Regex pattern not working as expected

Oct 15 17:08:29 |Check Point|VPN-1 & FireWall-1|Check Point|Log|http|Unknown|act=Accept app=HTTPS cn1Label=Elapsed  server_outbound_packets=30 service_id=https sig_id=4 src=10.25.18.12

So I have this text
I want to check if the text. 
I want to write a regex for log filtering to check if the text has the following conditions : 
1. contains Check Point
2. act=Accept  (or Allow) [small or caps]
3. src should not be private


This is the regex I have written,
regexp: .*(?i)(Check Point|fortigate).*act=(?i)(Deny|Drop).*src=(?!(10[.]|172[.](?:1[6-9]|2[0-9]|3[0-1])[.]|192[.]168[.])).*


but this is not working. 
Can anyone help?

0 7 383
7 REPLIES 7

Hi @asinghz297,

As previously mentioned, I would recommend performing this data manipulation and extraction via a parser, however the below rule should work. Noting that the example event has been mapped to 'metadata.description' (if not modify all occurrences of metadata.description in the below to the relevant udm field.)

rule Regex_Example {
 
  meta:
    author = "Ayman C"
    description = "Regex example"


  events:

    //$inputstring = //"Oct 15 17:08:29 |Check Point|VPN-1 & FireWall-1|Check Point|Log|http|Unknown|act=Accept app=HTTPS cn1Label=Elapsed  server_outbound_packets=30 service_id=https sig_id=4 src=10.25.18.12"

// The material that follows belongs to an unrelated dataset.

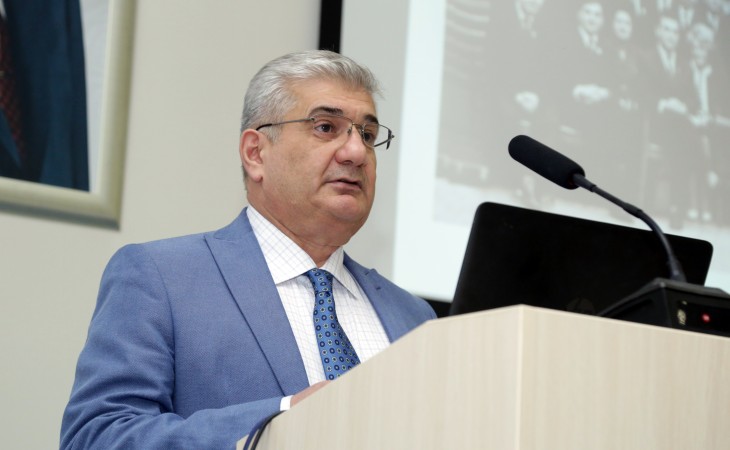 Akademik Mirməmməd Cavadzadənin 95 illiyinə həsr olunan elmi-praktik konfrans keçirilib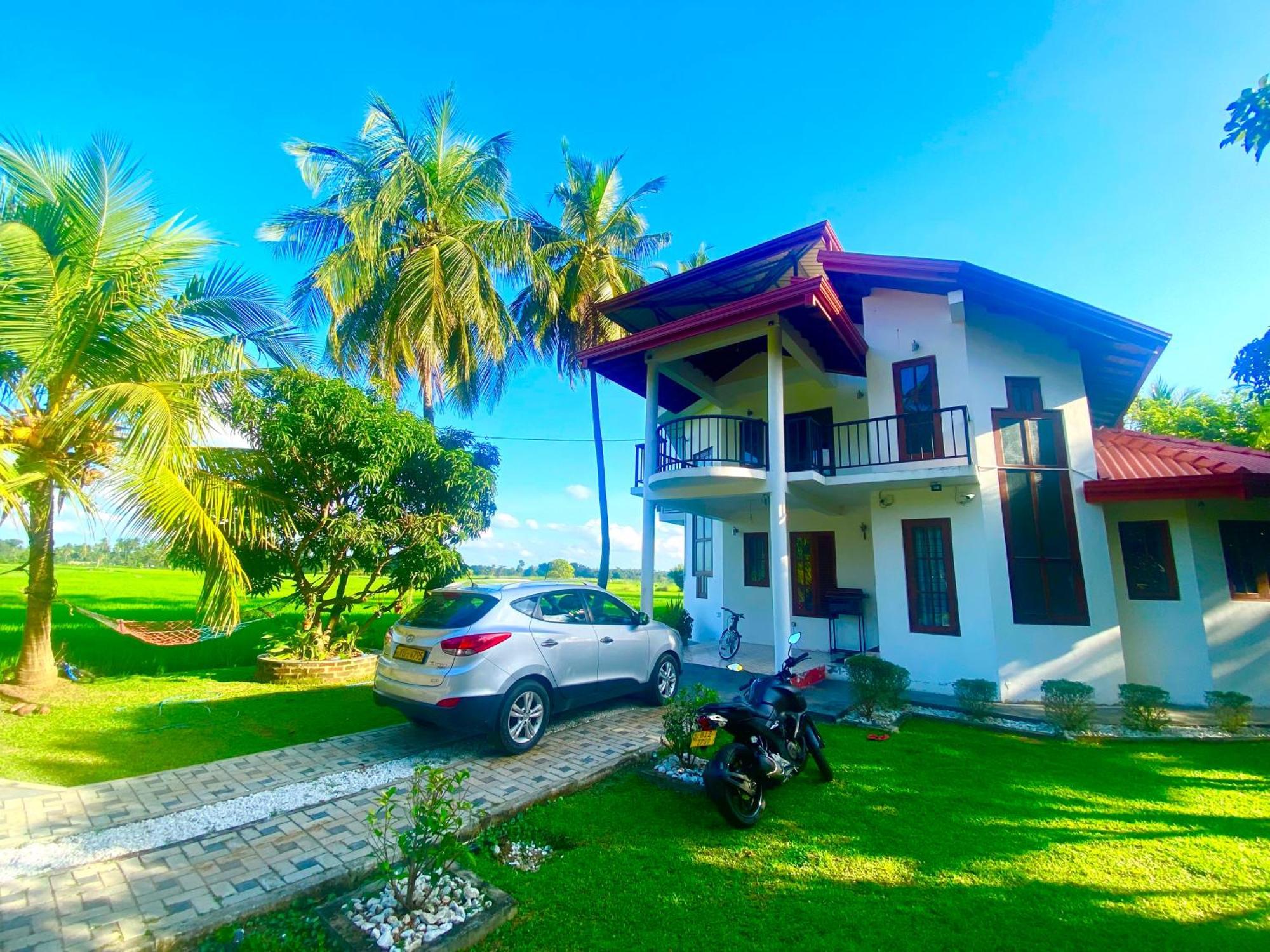 Aroma Villa Homestay โปลอนนารูวา ภายนอก รูปภาพ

    $EventType = re.capture($event.metadata.description, /:[0-9]{2}\s\|([^\|]+)/)
    $ActionOutcome = re.capture($event.metadata.description, /act=([^\s]+)/)
    $SourceIP = re.capture($event.metadata.description, /src=([^\s]+)$/)

    $EventType = "Checkpoint" and ($ActionOutcome = "Accept" nocase or $ActionOutcome = "Allow" nocase) and not $SourceIP = /(^10[.]|172[.](?:1[6-9]|2[0-9]|3[0-1])[.]|^192[.]168[.])/

outcome:

    $FullEvent = $event.metadata.description
    $EventTypeExtracted = $EventType
    $ActionOutcomeExtracted = $ActionOutcome
    $SourceIPExtracted = $SourceIP
  condition:
    $event
}




Hi @AymanC 
The point is that i don't want a text extraction but a pattern matching so as to allow only specific logs in the instance.
So my requirement is to write a single regex to take care of all the 3 conditions. 

Hi @asinghz297 ,

If you want to filter on ingest using regexp, you need to investigate using the forwarder, the OTEL collector, or a third party product such as Cribl.  The rule above is a post-ingest circumstance, creating detections based on the pattern match.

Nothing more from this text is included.